Many people take cannabis for recreational or medicinal purposes. Cannabis contains psychoactive substances, so users may wonder whether it’s a depressant, a stimulant, a hallucinogen, or something else entirely.
A depressant is a drug with a relaxing quality. Depressants reduce muscle tension, anxiety, stress, and insomnia. Many weed users will report these effects, but the influence of cannabis is not quite so straightforward.
Delta-9-tetrahydrocannabinol, commonly known as THC, is the main psychoactive component in cannabis. It is what sends marijuana users into a state of high through acting on specific cell receptors in the brain.
Different people may report varying effects after using cannabis. These include:
- A relaxing, soporific feeling, reduced anxiety and insomnia (depressant effect)
- Mood elevation, bliss, euphoria (stimulant effect)
- Heightened focus and clarity (hallucinogenic effect)
- So, is marijuana a depressant, a stimulant, or a hallucinogen? The short answer is that it depends.
Morning, Daytime, and Evening Strains
Experienced cannabis users know that not all strains are created equal. While a relaxing evening strain can be perfect way to wrap up your day, you probably don’t want to feel sluggish and sleepy as you start your morning routine.
Cannabis strains recommended for morning use are mostly sativa-dominant, such as Princeton and Herringbone. Sativa strains are typically high in THC and low in CBD (cannabidiol). They tend to induce an energizing, euphoric, and mentally stimulating effect.
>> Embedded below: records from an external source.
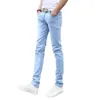 Mäns jeans enkla långa byxor Skin-touch män hög elasticitet Slim fit blyerts denim mångsidig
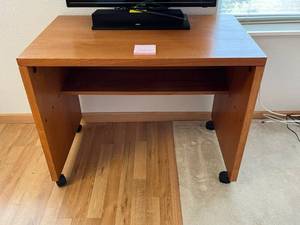 lot 225 image: Rolling TVComputer Cart (33.5 W x 20.5 D x 26.5 T) - TV Not included - BRING HELP TO REMOVE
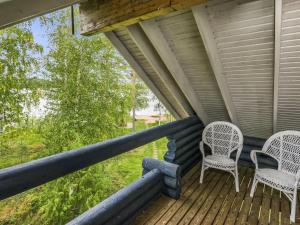 Balkon atau teras di Holiday Home Tiira by Interhome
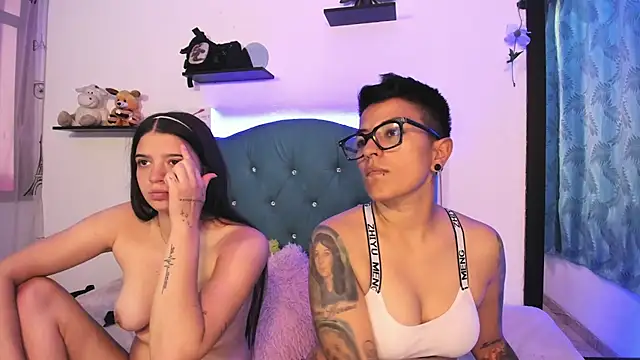 Snapshot of Ary_zakura chatting on 11, 3, 2025 Ary zakura online show from 11, 3, 2025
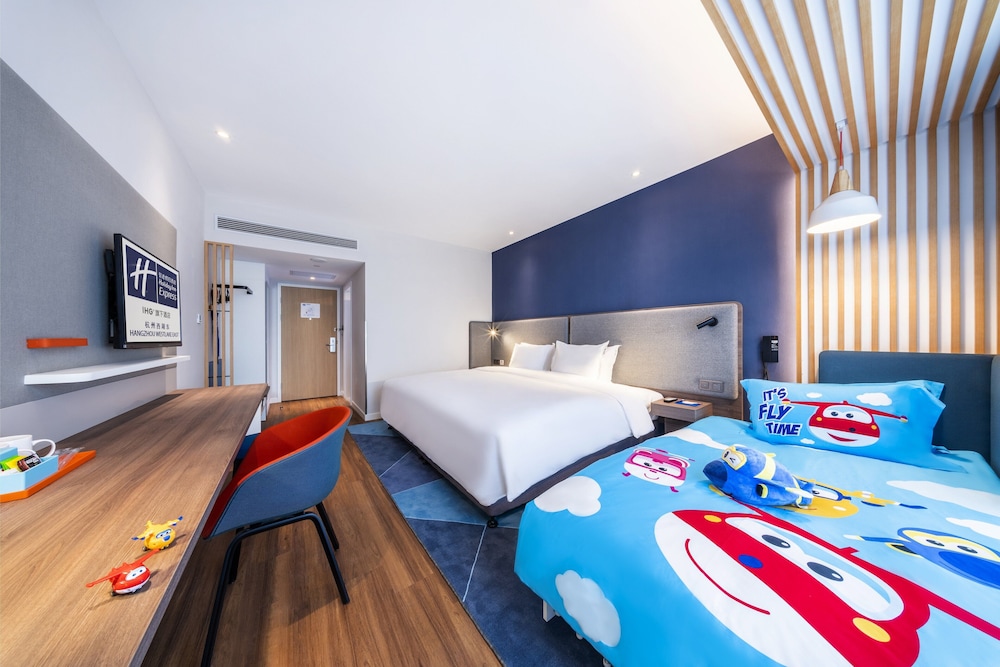 Standard Room, Multiple Beds, City View thumbnail 5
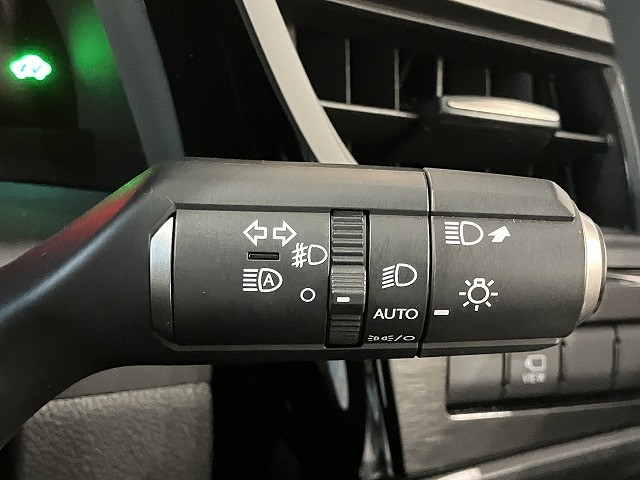 レクサス ES 300h Fスポーツの中古車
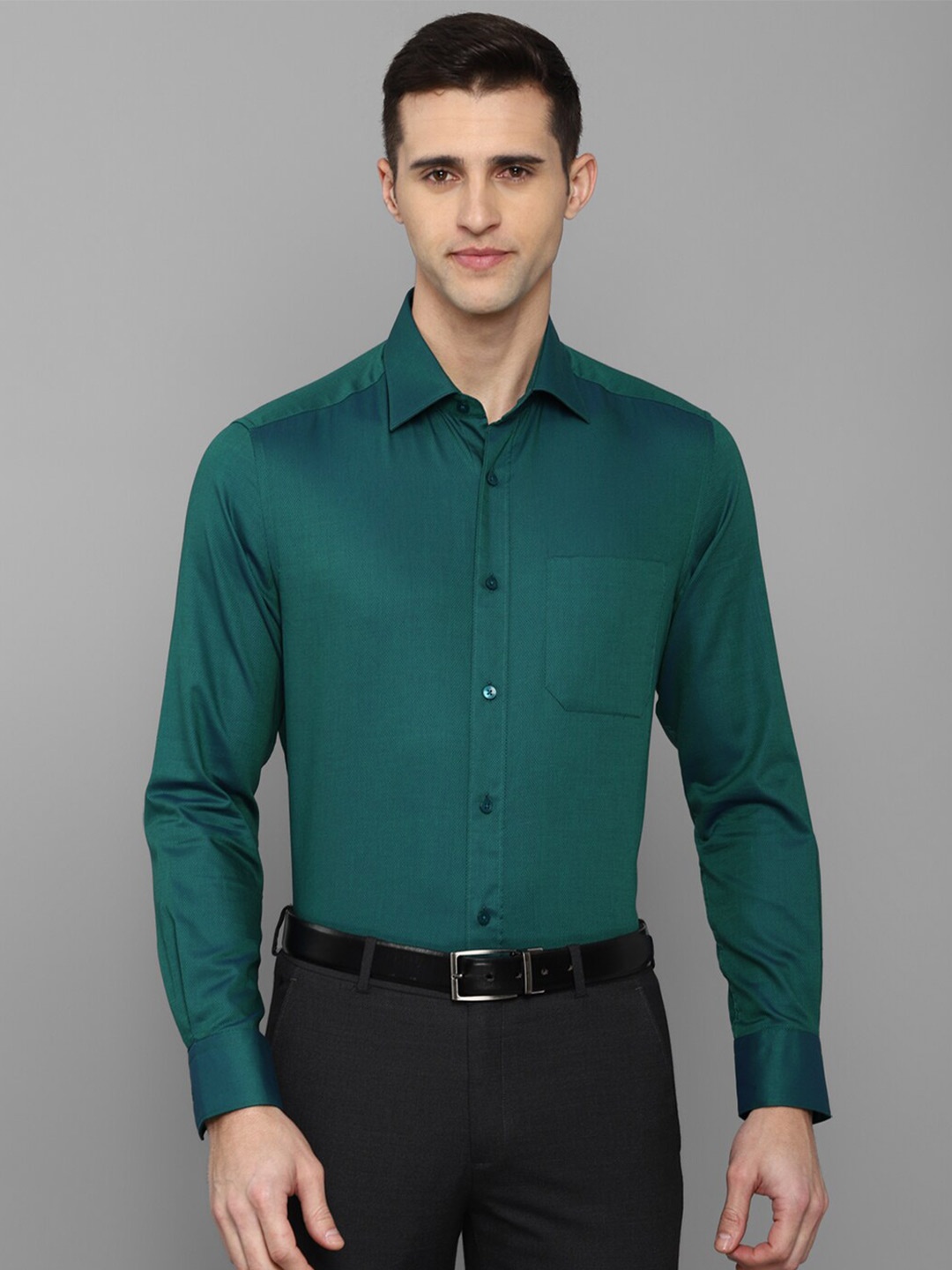 

Louis Philippe Men Green Regular Fit Cotton Formal Shirt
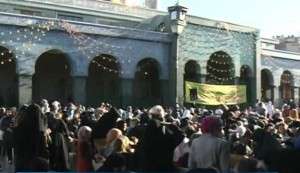 10 آلاف زائر أجنبي في مقام السيدة زينب بذكرى مولد أميرالمؤمنين(ع)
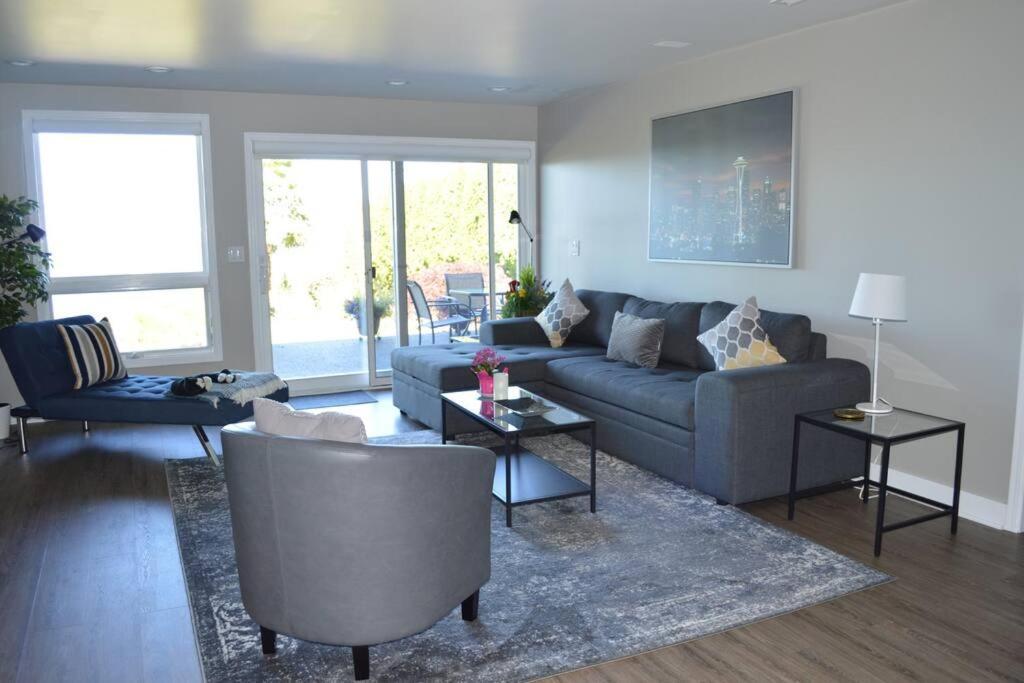 1-Bedroom Seaview Guesthouse On Seattle Luxury Estate With Views Of Olympic Mountains Εξωτερικό φωτογραφία
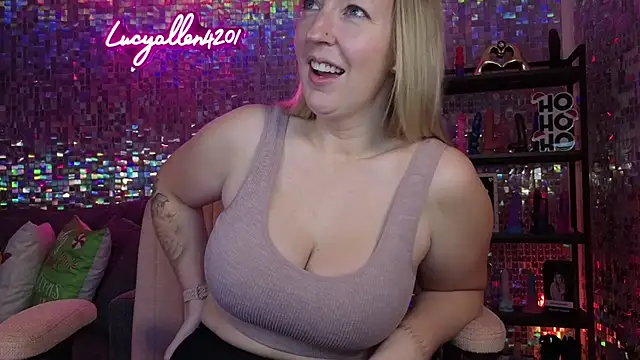 lucyallen4201 online show from November 2025 01:33:01 PM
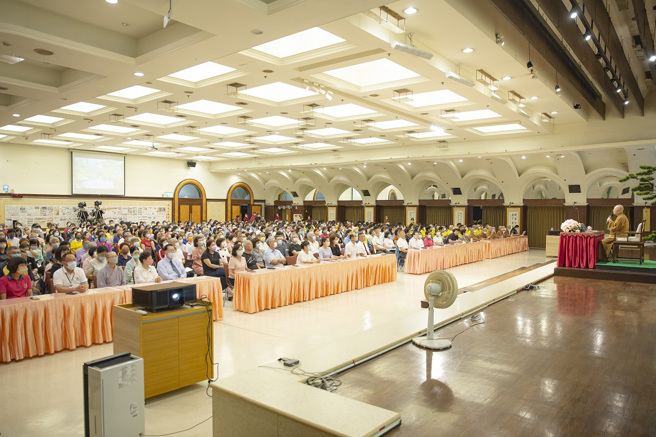 现场近700位听眾聆听讲座。（图／惠中寺提供）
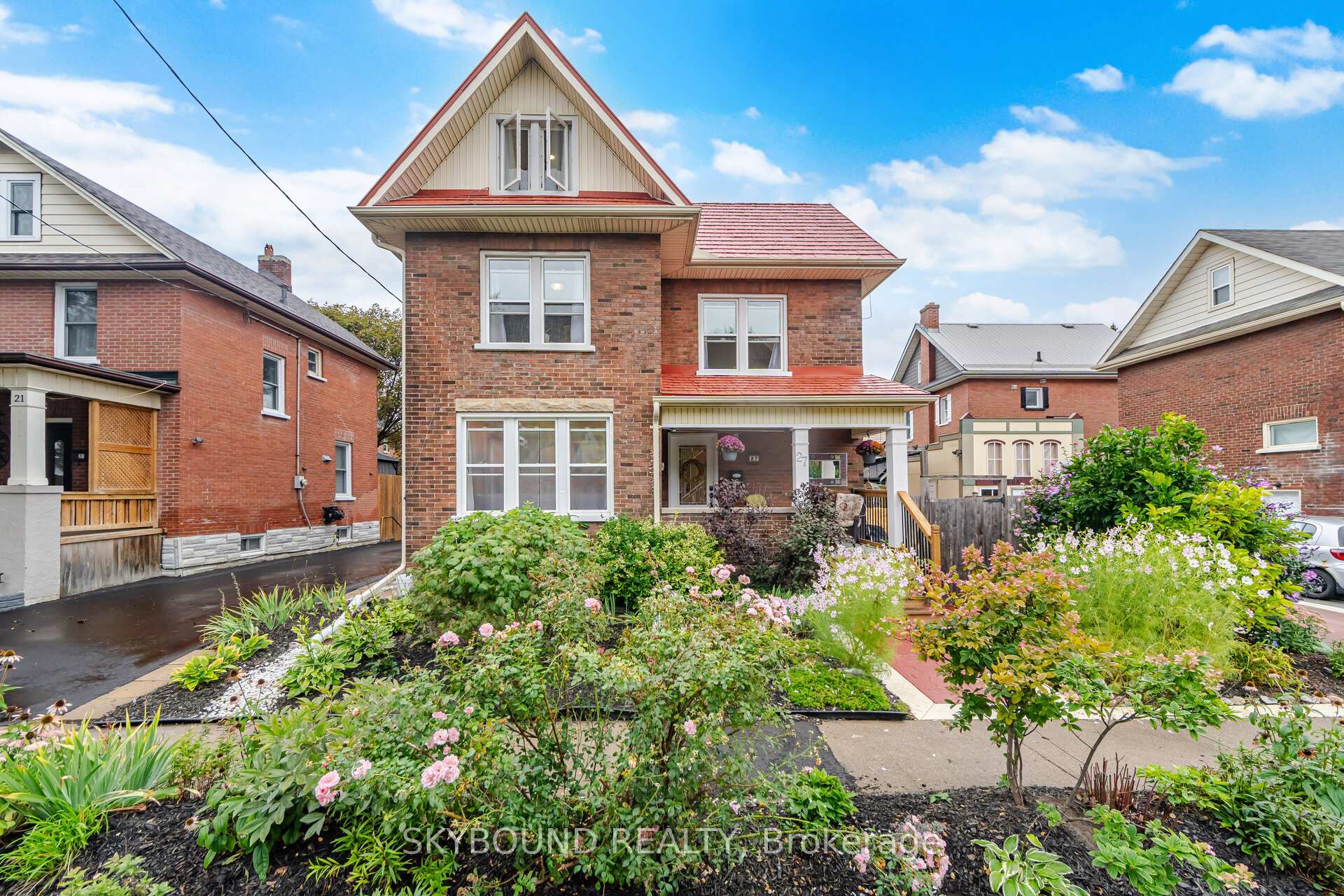27 Rowe Street, Oshawa, ON L1H 5P4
Most strains recommended for daytime use are sativa-indica hybrids such as Balmoral or Penelope. These strains are lower in THC and higher in CBD, which gives them enhanced medicinal benefits. They can improve appetite and help manage a variety of conditions such as chronic pain or seizures.
Evening strains are all about relaxation and promoting deep, restful sleep. These strains are typically indica-dominant, such as Weaver or Bubba Kush. They are low in THC and especially high in CBD. Evening strains will counterbalance stress, pain, anxiety, and insomnia.
Each one of us has different levels of neurotransmitters—biochemical components involved in all brain and body functions, including mood and mental activity. Cannabis will alter the flow of neurotransmitters, but the exact effect for each person is hard to predict.
For example, slower brain function following the use of cannabis can be relaxing for some people but trigger an onset of depression in others. Some users may ingest a THC-high strain and only experience a mild mental stimulation, while others will report a full-blown hallucinogenic effect.
Other factors that may influence the effects of cannabis include:
- Form of ingestion: often, people will experience a more intense, longer-lasting high from consuming cannabis-infused edibles compared to smoking.
- Age: occasional users may be surprised to discover that a cannabis strain they enjoyed at 21 has a different effect on them when they are 35.
- Sex: some studies suggest that women need lower THC doses compared to men to experience a euphoric effect.
The bottom line is that you won’t know how your body will respond to cannabis until you try it. It’s probably better to start experimenting with moderate use of lower-THC strains.